Rezilliği kucaklayın. Önemli ve anlamlı bir şeyi başarma yolunun bir parçası da aptal gibi hissedebilmektir. Bir yaşam kararı sizi ne kadar korkutuyorsa onu o kadar yapmanız gerekir.
5 DÜNYAYI NASIL KURTARACAKSINIZ?
Haberleri izlediyseniz, dünyanın bazı sorunları var. Aslında demek istediğim, her şey berbat ve hepimiz öleceğiz. Bunu daha önce de söyledik, ancak mutlu ve sağlıklı yaşamak için hendi hazzımız veya tatminimizin ötesindeki değerlere de tutunmalıyız.
O zaman bir sorun bulun ve dünyayı kurtarmaya başlayın. Seçebileceğiniz bir sürüsü var. Eğitim sistemimiz, ekonomik gelişme, ev-içi şiddet, ruh sağlığı, devletin yolsuzlukları...
Umursanıdığınız bir sorun bulup bunun çözümü için çalışmaya koyulun. Elbette dünya sorunlarını tek başınıza çözemezsiniz. Ama katkıda bulunabilir ve fark yaratabilirsiniz. O fark yaratma duygusu da sizin mutluluğunuz ve tatmininiz için önemlidir.

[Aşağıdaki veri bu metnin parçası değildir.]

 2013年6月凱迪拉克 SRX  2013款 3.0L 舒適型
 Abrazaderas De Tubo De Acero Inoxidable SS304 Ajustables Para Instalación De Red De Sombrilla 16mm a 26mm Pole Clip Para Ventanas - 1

6 KAFANIZA SİLAH DAYASALAR VE EVİ HER GÜN, TÜM GÜN TERK ETMENİZ GEREKSEYDİ, NEREYE GİDER, NE YAPARDINIZ?
Çoğumuz için düşman sıradanlık. Rutinlerimize dalıyoruz. Kendimizi kandırıyoruz. Koltuk rahat. Cipsler çıtır. Hiçbir şey olmuyor.
Bu bir sorun.
Çok kişinin anlamadığı şu; tutku, eylemin sonucudur, nedeni değil.
Hayatta neye tutkulu olduğunuzu keşfetmek tam bir spor faaliyeti, deneme yanılma sürecidir. Hiçbirimiz bir eylem konusunda ne hissettiğimizi onu yapıncaya kadar bilemeyiz.
O zaman kendinize şunu sorun, biri kafanıza silah dayayıp her gün evi uyku hariç terk etmenizi söylese, kendinizi neyle oyalardınız? Ayrıca gidip bir kafede oturup facebook’a bakmak yok. Onu zaten yapıyorsunuz. Diyelim ki web siteleri, video oyunları, TV yok ve siz bütün gün, uyku hariç, evin dışında olmalısınız. Nereye gider, ne yapardınız?
Dansa mı yazılırdınız? Kitap kulübü? Üniversite’ye mi yazılırdınız? Yeni bir sulama sistemi icadı? Kanat takıp uçmayı öğrenmek?
İsterseniz bir-iki tanesini yazın, sonra da gidip yapmayı deneyin. Eğer rezil olmak varsa, ekstra puan verilir.
7 BİR YIL İÇİNDE ÖLECEĞİNİZİ BİLSENİZ NE YAPARDINIZ ve NASIL HATIRLANMAK İSTERDİNİZ?
Çoğumuz ölüm düşünmeyi sevmeyiz. Korkutur. Ancak şaşırtıcı biçimde, kendi ölümümüzü düşünmenin pratik yararları var. Bunlardan biri, gereksizler yerine, hayatımızdaki önemli şeylere odaklanmamızı sağlamasıdır.
Sizin efsaneniz ne olacak? Siz gidince insanlar hangi hikayeleri anlatacaklar? Ölüm ilanınızda ne yazacak? Yazacak bir şey var mı? Yoksa, ne yazmasını isterdiniz? O neticeye bu günden ilerlemek için ne yapmalısınız?
İnsanlar yönlerini kaybetmiş ve amaçsız hissediyorlarsa, bunun nedeni kendileri için neyin önemli olduğu ve değerlerinin ne olduğunu bilmiyor olmalarındandır.
Kendi değerleriniz yok ise, aslında başkalarınınkileri benimsiyor ve kendinizinkiler yerine başkalarının önceliklerini yaşıyor olursunuz. Bu da sağlıksız ilişkiler ve neticesinde sefalete giden bir yoldur.
Kendi “yaşam amacını” keşfetmek, kendinizden ve etrafınızdakilerden daha büyük olan 1-2 şeyi bulmaktır. Bunları bulmak için koltuktan kalkıp harekete geçmeniz lazım. Kendinizin ötesinde ve kendinizden daha büyük olanı düşünmeye zaman ayırmak, hatta sizsiz bir dünyayı dahi hayal etmeniz lazım.